**Exercise objective**
Before you reproduce the entries that follow, strip out any image they contain and keep the rest exact.

┌──

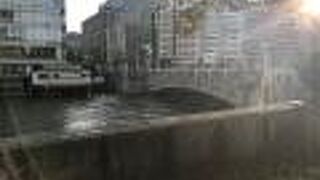 土佐堀川にかかる著名な橋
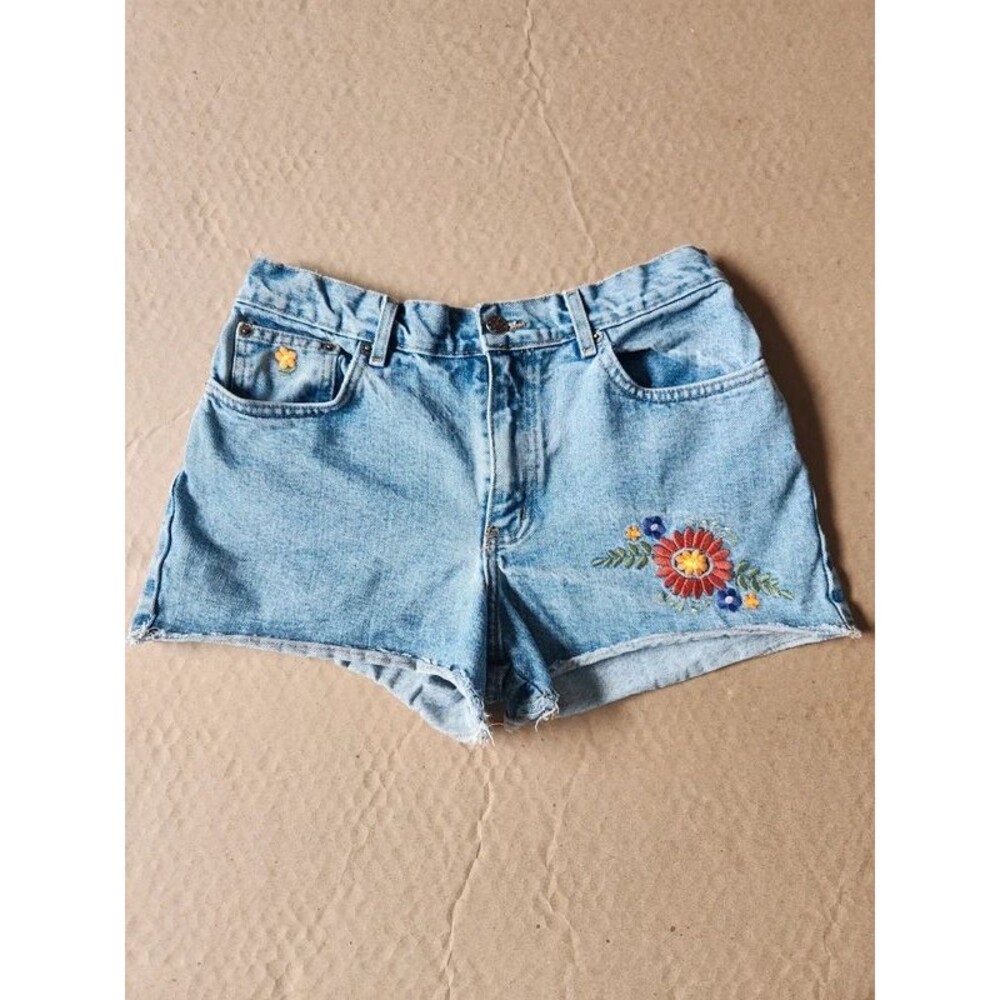 Women's Arizona embroidered denim shorts size 7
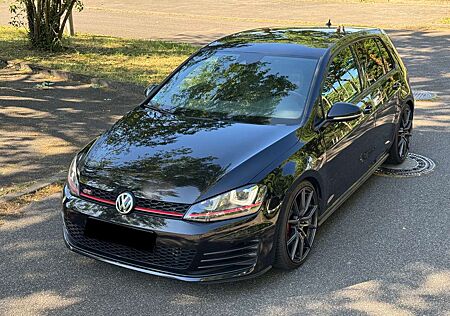 VW Golf GTI Volkswagen Performance BMT 313PS APR eingetragen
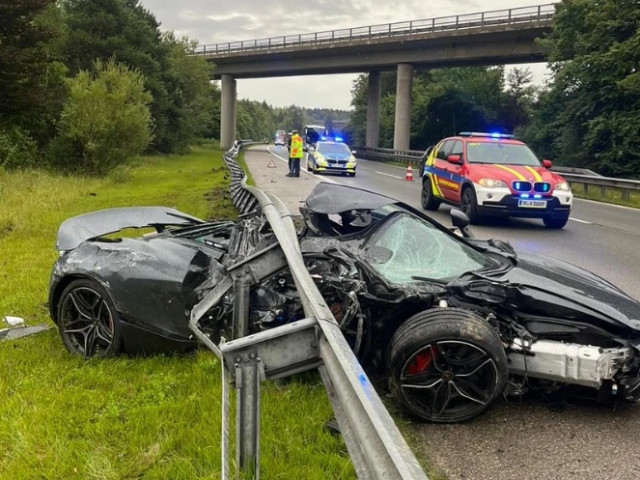 Siêu xe McLaren 720S nát bét sau tai nạn trên cao tốc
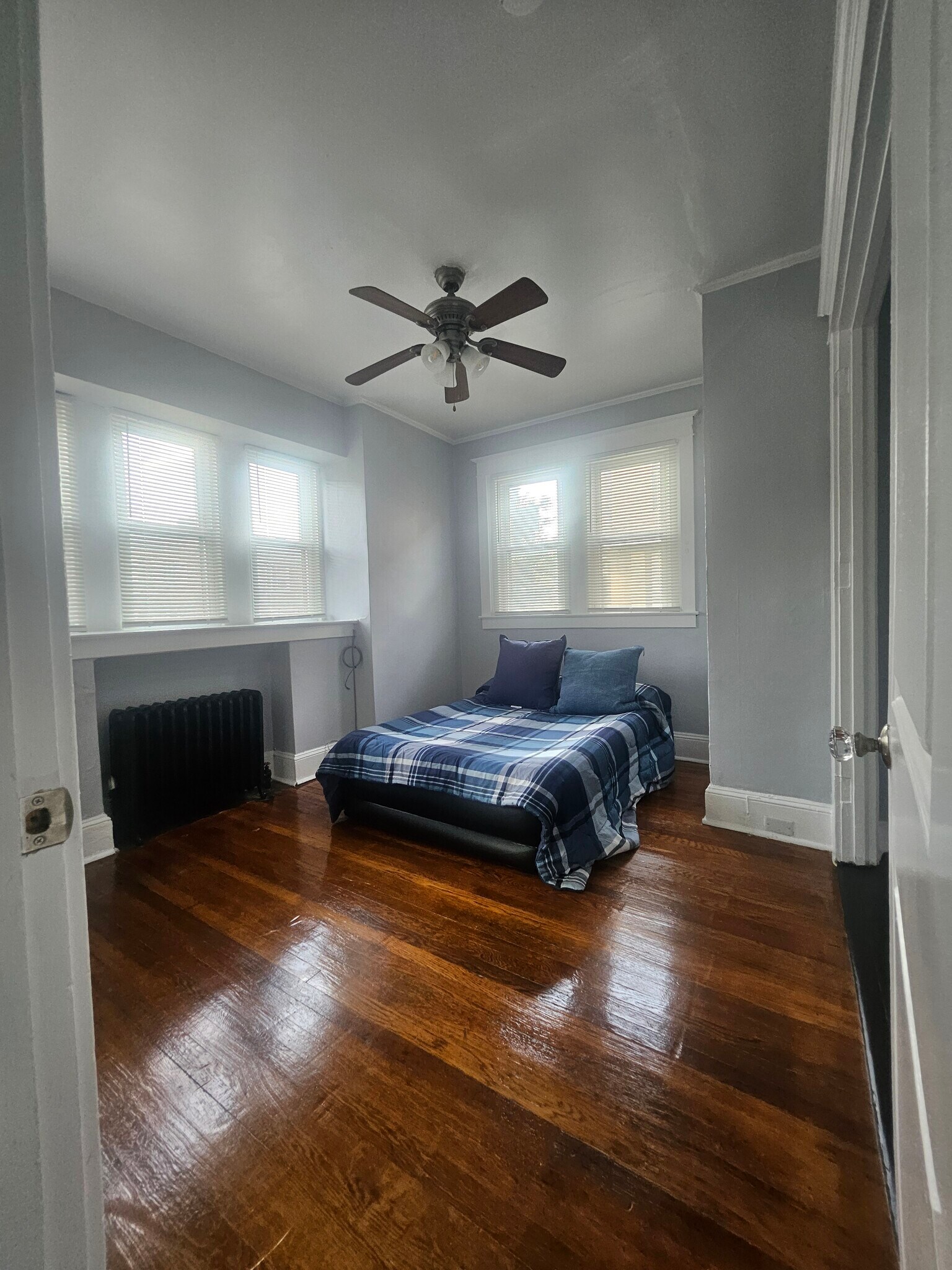 Building Photo - 6643 Blakemore St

└──

**Answer section**
 土佐堀川にかかる著名な橋
 Women's Arizona embroidered denim shorts size 7
 VW Golf GTI Volkswagen Performance BMT 313PS APR eingetragen
 Siêu xe McLaren 720S nát bét sau tai nạn trên cao tốc
 Building Photo - 6643 Blakemore St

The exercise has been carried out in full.